Revealed at the 2007 NAIAS in Detroit, the MKR, designed by a team led by Peter Horbury, was introduced at a time when the Mercedes-Benz CLS and other swoopy “four door coupes” were becoming popular. Powered by a twin-turbo, direct-injection 3.5 liter V-6 with 415 hp that introduced Ford and Lincoln’s TwinForce engine branding, the MKR was supposed to presage Lincoln’s new styling theme, billed as “elegant simplicity.”

Exterior design, headed by Gordon Platto, featured a high beltline with a chamfered surface that ran the length of the car, a cantilevered roof that transitioned to a wide C pillar, full-width horizontal taillights, upward swinging doors, and 10-spoke, chromed 21-inch wheels. The most dramatic exterior styling cues were yet another new grille—the split “bow wave,” said to be based on that of the classic 1940 Lincoln Continental Cabriolet—and an expansive glass roof that integrated a structural Lincoln star. The tread of the MKR’s custom Michelin tires also bears the Lincoln star.

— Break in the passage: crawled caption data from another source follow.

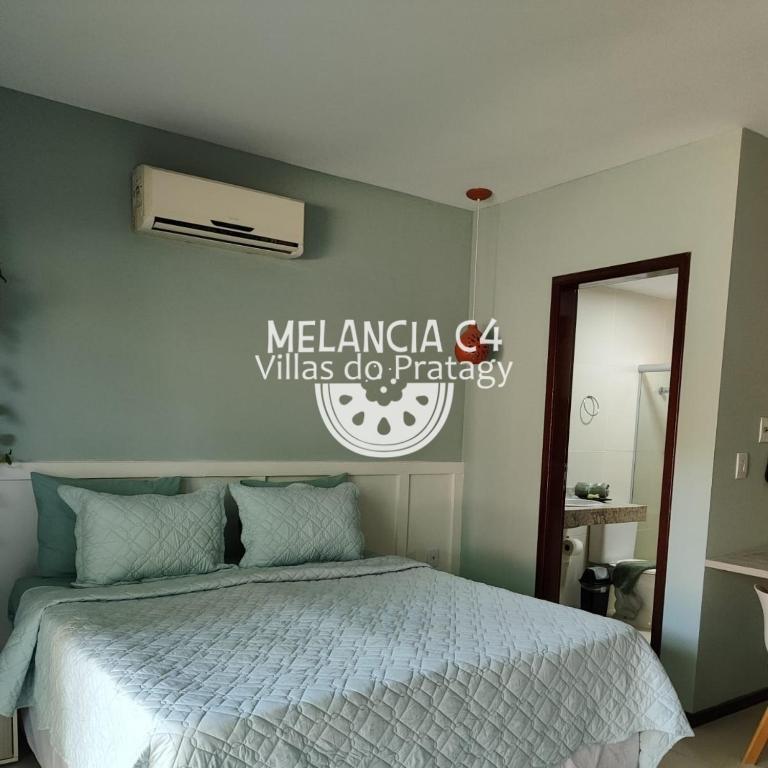 Bangalô Melancia C4 - B&B Maceió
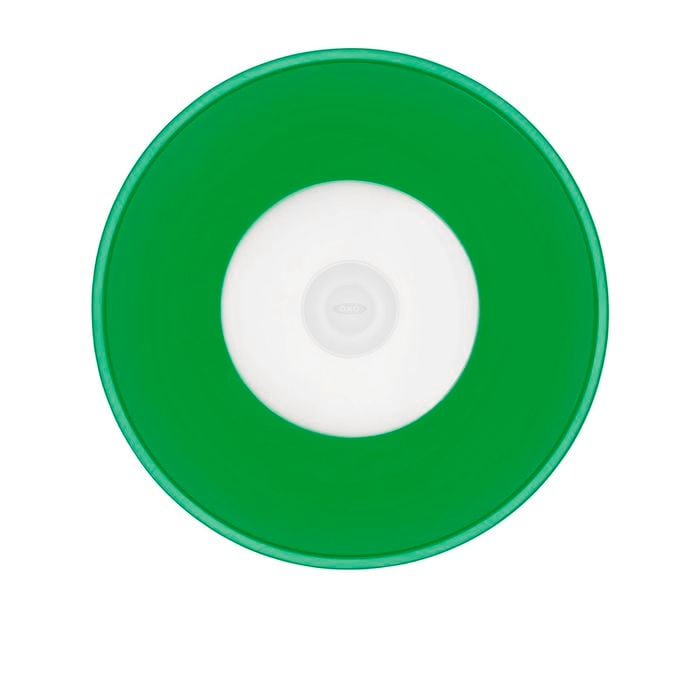 Oxo Good Grips Reusable Silicone Lid 28cm Green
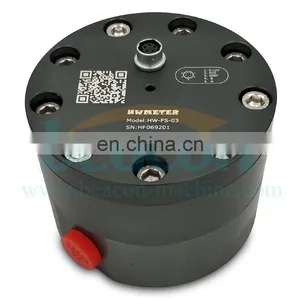 Flow Sensor for Common Rail Engine Oil Pump Test Bench thumbnail-1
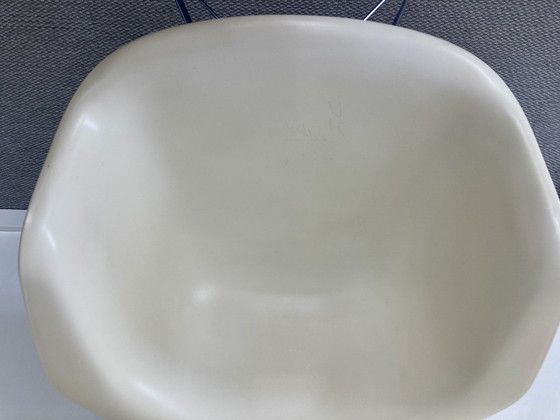 Image 1 of 4x Vitra DAR Stuhl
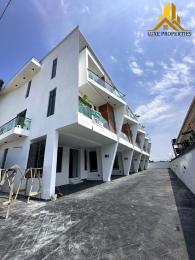 House for sale Ikate Lekki Lagos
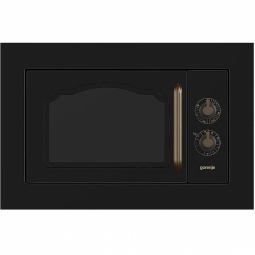Gorenje BM235CLB Black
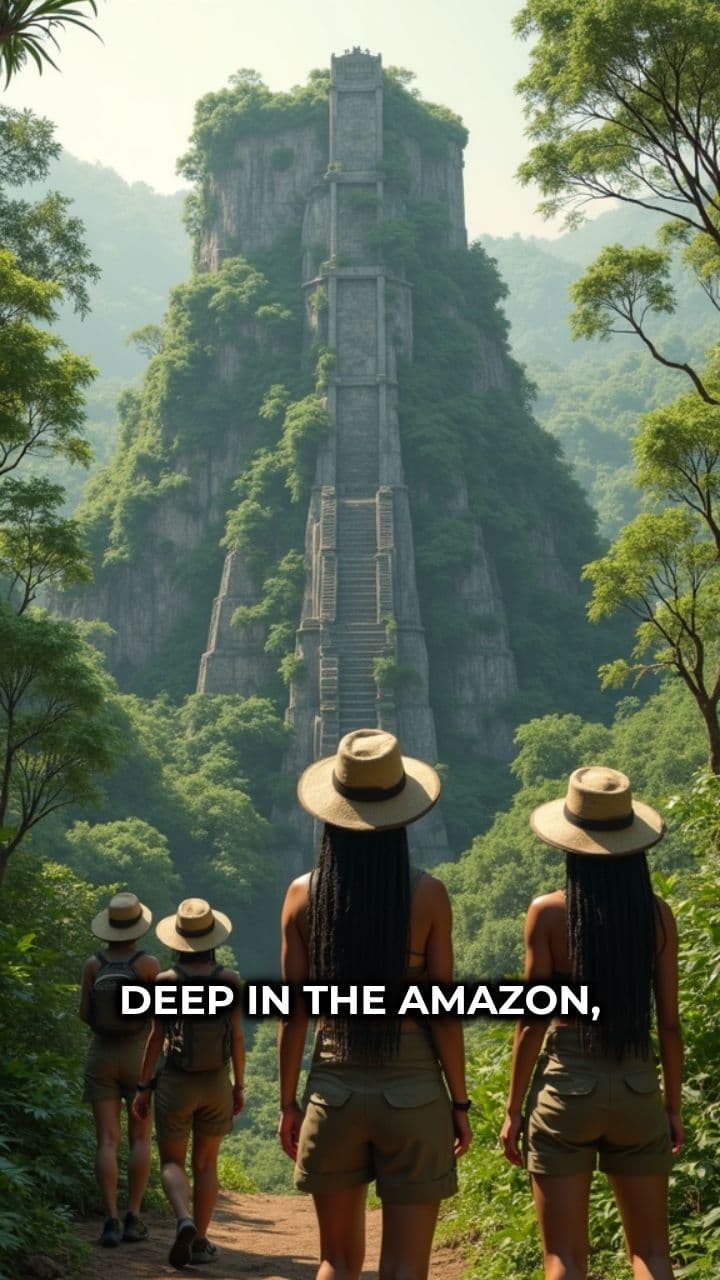 Forgotten Knowledge, Chosen Extinction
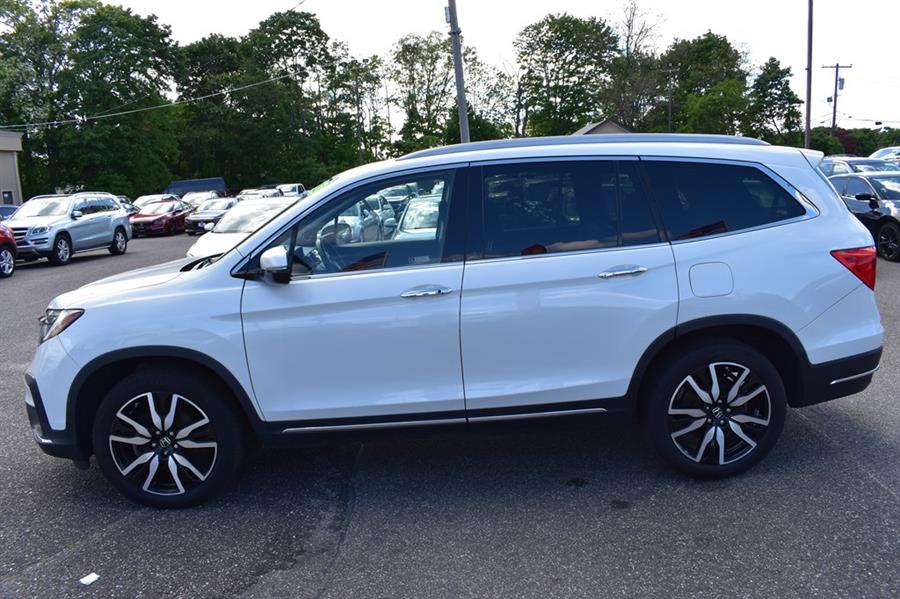 2021 Honda Pilot ELITE, available for sale in Patchogue, New York | 112 Auto Plaza. Patchogue, New York 2021 Honda Pilot ELITE, available for sale in Patchogue, New York | 112 Auto Plaza. Patchogue, New York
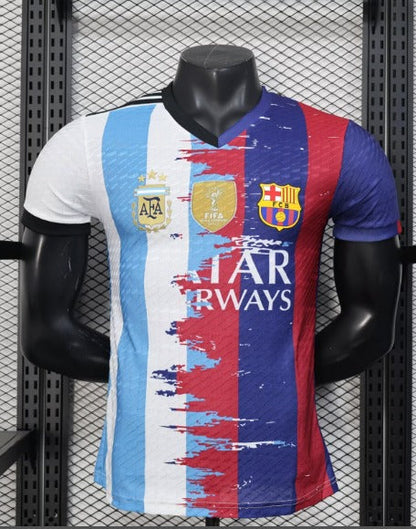 Messi Team Combine Edition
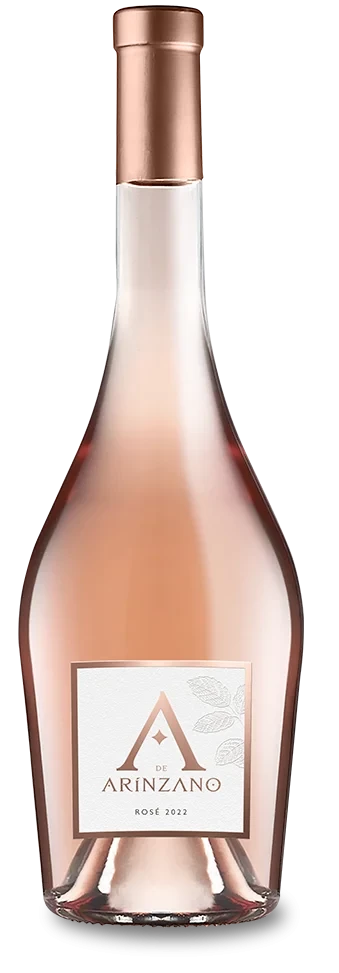 A De Arinzano Rose 750M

It’s possible that Platto’s team settled on a glass roof to show off the impressive interior, promoted as “guilt-free” luxury, filled with premium amenities that were environmentally friendly. The instrument panel is made from a piece of recycled black oak that extends from left to right, flowing down into a two-level center console. Ice-blue ambient lighting illuminated the interior, which feature self-standing “floating” seats made with soy-based foam, glossy exterior shells, and upholstered with cashmere leather tanned in an environmentally conscious chromium-free process.

2003 Mercury Messenger

While it wasn’t branded as a Lincoln, I’m including the Mercury Messenger concept because a grand touring sports coupe could have been part of Lincoln’s portfolio. (Also because I think it’s a very handsome automobile and deserves attention.) “In my opinion, it’s as good looking as any Ferrari,” concept vehicle collector Joe Bortz, who owns the Messenger, says. “This car could’ve saved Mercury.”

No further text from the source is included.